Ketinggian sampai 1200, curah hujan optimum 1000-3000 mm per
tahun. Bambu apus, tumbuh di dataran rendah, tinggi, sampai 1500
m dpl, di tanah liat berpasir. Bambu wulung/ hitam (Gigantochloa
atroviolacea Widjaja) tumbuh di dataran rendah, lembab, curah hujan
1500-3700 mm/tahun. Tumbuh di tempat kering berbatu atau tanah
merah.
BUDIDAYA BAMBU
Permintaan akan Bambu meningkat, Kenapa?
a. Bambu merupakan komoditas penting dalam
menggantikan kebutuhan bahan baku produk - produk industri yang terbuat dari kayu.
b. Bambu memiliki banyak keunggulan dari segi
sosial, ekonomi dan budaya.
c. Dapat tumbuh cepat di semua jenis tanah dan
ketinggian.
d. Mampu menahan laju erosi, mengurangi polusi
air dan dapat berfungsi sebagai tanggul alam.
Metode Perbanyakan ;
1. Generatif
2. Vegetatif
Perbanyakan Generatif :
• Menggunakan biji
• Sangat jarang didapatkan
(pembungaan yang tidak pasti
dan jarang, kalaupun ada
biasanya bijinya bersifat infertil.
Selain itu, sebagian besar
bambu akan segera mati setelah
mengalami fase pembungaan.)
• Terdapat 7 jenis bambu yang
diketahui bisa berbiji.
Perbanyakan Vegetatif :
1. Makro : Akar Rimpang, Batang
2. Mikro : Kultur Jaringan (Kuljar)
Teknik Penanaman di lapangan :
a.

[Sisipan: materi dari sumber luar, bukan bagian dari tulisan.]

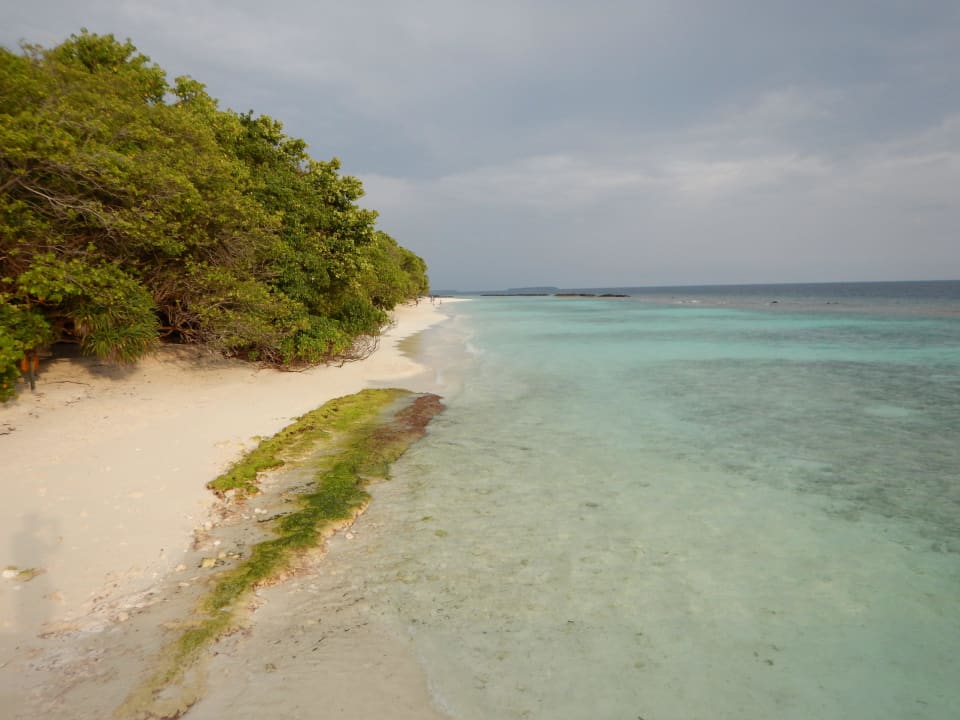 Strand Royal Island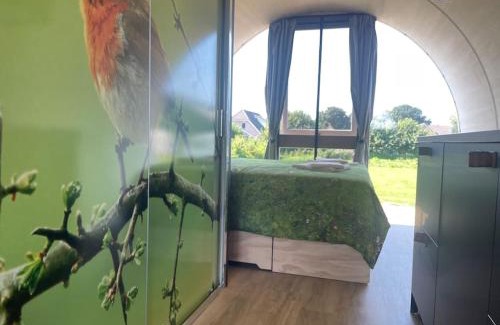Wanneperveen Casa | Eco-lodge nabij Giethoorn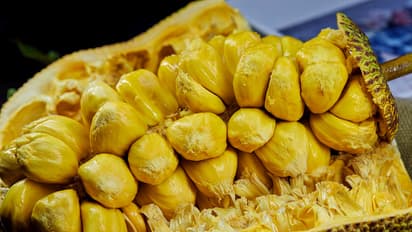 Jackfruit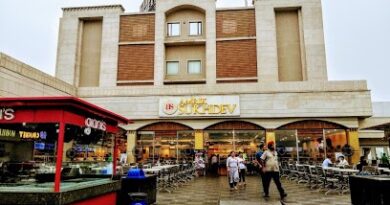 Murthal rape case SIT “pre-determined to sanitise evidence”, Amicus Curie tells High Court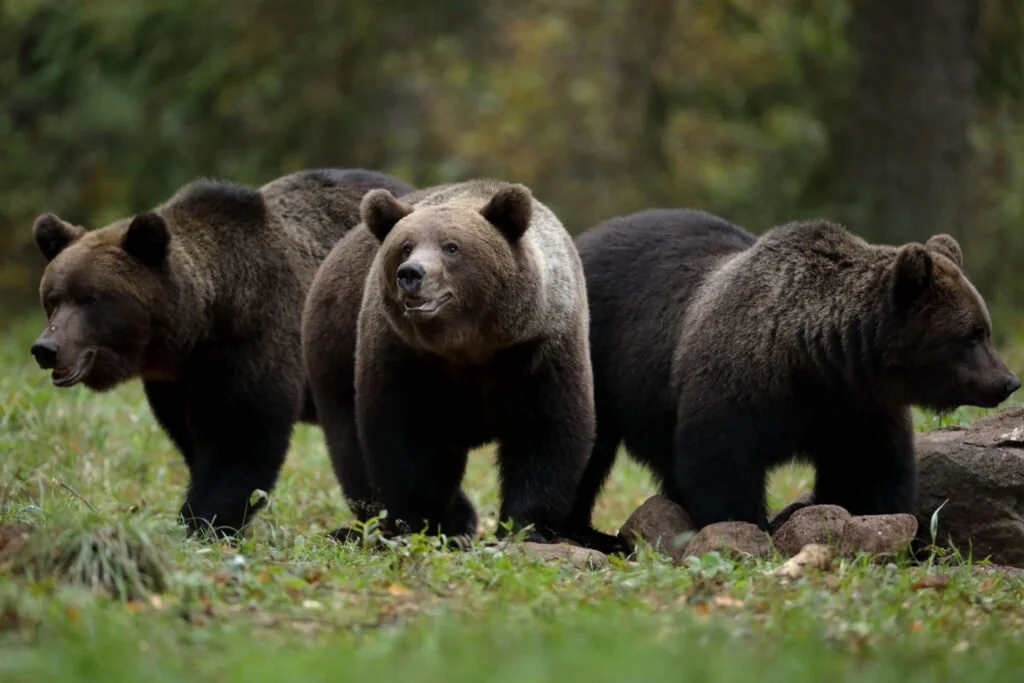 PRUUNKARU


Pruunkaru (Ursus arctos) on karulaste sugukonda karu perekonda kuuluv loomaliik.  Pruunkaru on suurim Eestis elav kiskjaline.  Meil elavad karud kuuluvad kesk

Penyiapan lahan tanam, tidak membutuhkan lahan
dengan persyaratan yang khusus serta mengatur
jarak tanam terutama untuk bambu yang jenis
rumpun.
b. Pembuatan lubang tanam, ukuran lubang tanam
sama seperti dengan menanam pohon pada
umumnya hanya saja perlu diperhatikan jarak tanam
antar lubang tergantung pada jenis bambu dan
rumpunnya. Satu bulan sebelum penanaman lubang
tanam diberikan pupuk atau seresah untuk
meningkatkan penyediaan unsur organik yang
dibutuhkan untuk pertumbuhan akar.
c. Penanaman dilakukan menjelang musim penghujan
sekitar November dan paling lambat Februari.